The 33 per cent increase in short-term capital gains (STCG) tax, as announced in the Union Budget 2024-25, is likely to make it more challenging for portfolio management services (PMS) providers to compete with mutual funds (MFs) and alternative investment funds (AIFs).
While most PMS strategies focus on long-term investments, fund managers are used to short-term churn and agile sector rotations. However, such moves will now incur a 20 per cent tax, up from 15 per cent. Unlike the MF and AIF players, PMS providers do not benefit from a pass-through status, complicating efforts to outperform MFs and AIFs in terms of returns.
According to PMS firms, there will be an impact of the tax hike on short-term positions. They suggested a shift towards more deliberate long-term portfolio strategies.
While taxation is a crucial factor, industry players emphasise that achieving strong returns and making accurate investment decisions take precedence. Given the current market frenzy, with stocks yielding 50-60 per cent returns within a year, clients may still prioritise profit-booking despite the increased tax burden, they said. PMS funds, which target wealthy investors, aim to generate an alpha of 10-15 per cent.
“The differential in taxation is challenging, but we are still in a nascent stage of evolving as a financial product. In this process, weaker hands will probably move out of the industry. The better and stronger ones will continue, and the industry will go through a certain amount of consolidation. If one is good at generating risk-adjusted returns, you will continue to attract investors,” said Aniruddha Naha, CIO-Alternates at PGIM India MF.
Bhavik Thakkar, CEO of Abans Investment Managers, noted that tax implications are not always the primary consideration in a fund manager’s decision to sell a security. “It is more to do with whether the fund manager thinks he/she should be or not be in a particular stock. At the same time, what might happen is that fund managers will be more cautious in terms of checking what taxation implications there are for a particular stock, whether you’ve been holding it for more than or less than one year.”
The PMS industry is already facing challenges with the move towards a new investment vehicle proposed by the Securities and Exchange Board of India (Sebi), which shall feature a minimum ticket size of Rs 10 lakh, significantly lower than the Rs 50 lakh threshold for PMS. Although there is some ambiguity regarding the treatment of this new asset class, it will offer more flexibility than the PMS structure.
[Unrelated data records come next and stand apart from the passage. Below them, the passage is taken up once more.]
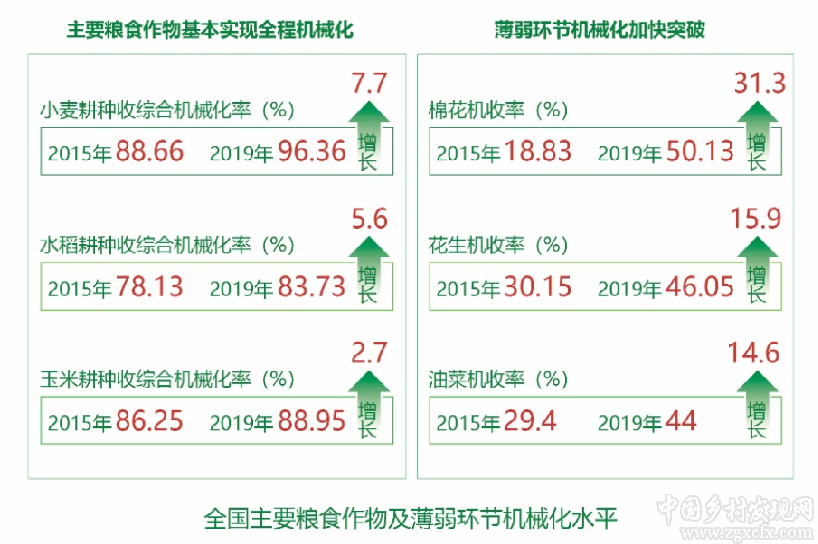 農(nóng)業(yè)農(nóng)村部發(fā)布“十三五”時(shí)期農(nóng)業(yè)現(xiàn)代化發(fā)展情況報(bào)告（附全文）(圖7)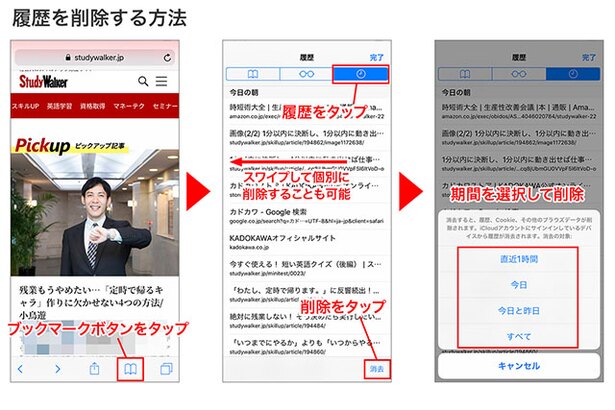 ブックマークボタンをタップ→履歴タブを開く。履歴はスワイプして個別に削除が可能。「削除」ボタンをタップすると、期間を選んで一括削除が可能です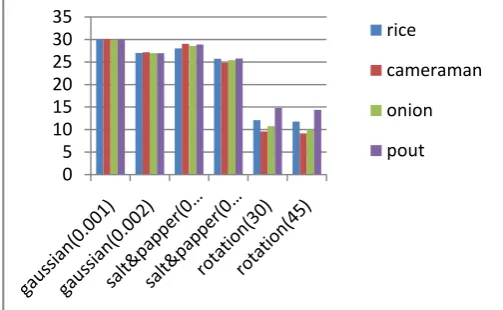 Table 1: PSNR for Various Images FOR Different Attacks 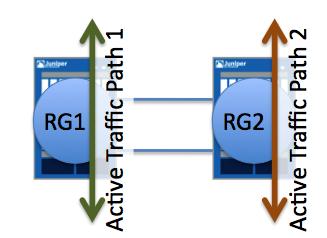 The alternate design makes use of redundancy groups. A redundancy group is a logical collection of objects, in this case interfaces, that can failover simultaneously between two nodes in a cluster.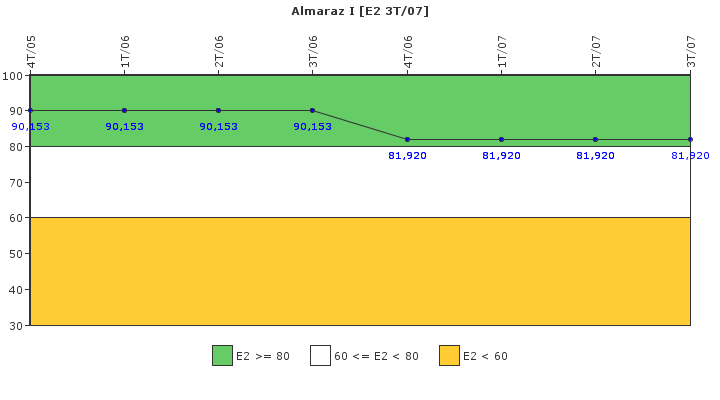 Almaraz I: Organizacin de emergencia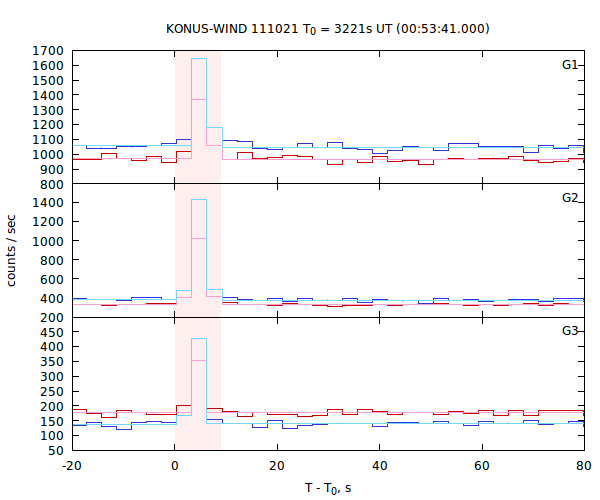 light curves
For instance, PMS funds can use derivatives only for hedging purposes, whereas the new asset class allows for derivatives exposure beyond hedging, providing greater flexibility and risk-taking opportunities, potentially leading to higher returns.
“A lot of people who would ideally have graduated from an MF to a PMS will now have a smaller step where they can gain experience and move to a PMS,” Naha added.